転生悪役幼女は最恐パパの愛娘になりました
ナーニアを真剣に愛していたディーは深く傷つき絶望した。もともと人嫌いな性格ではあったがそれを加速させ、ほとんど人との交流をしなくなってしまった。それはサマラに対しても同じで、彼がベビーベッドを覗くことはなくなった。
そして三ヶ月後。ディーはまだ赤ん坊のサマラを領地の館に残し、自分は魔法大臣として働くために王都へと旅立ち――五年間、帰ってくることはなかった。
サマラに罪はない。それはディーもわかっていたが、ナーニアの面影が残るサマラと向き合うことに耐えられなかったのだ。
彼は償いの代わりにサマラにはとことん贅沢を許した。
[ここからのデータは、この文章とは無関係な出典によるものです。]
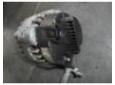 alternator 90a 03d903025j skoda fabia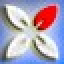 Sagelight 48-bit Image Editor Icon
王国の魔法協会の権威である彼には生涯かかっても使いきれないほどの財産がある。子供の贅沢など痛くも痒くもない。
しかし父の許しを得て贅沢三昧を繰り返したサマラは当然わがままになり、母にも父にも見捨てられ自己肯定感を見出せなかったせいもあって、彼女の性格はどんどん歪んでいってしまう。
そしてわがままで努力嫌いで嫉妬深く、他人の不幸を喜ぶような性格になった血の繋がらない娘を、ディーはますます嫌悪した。最悪の悪循環である。
そんな理由でディーはサマラと離れて暮らすようになり、彼女が十六歳になるまで領地の屋敷に帰ってきたのはたったの一回だけである。
――というのが、『魔法の国の恋人ファンブックvol.2』に収録されていた情報である。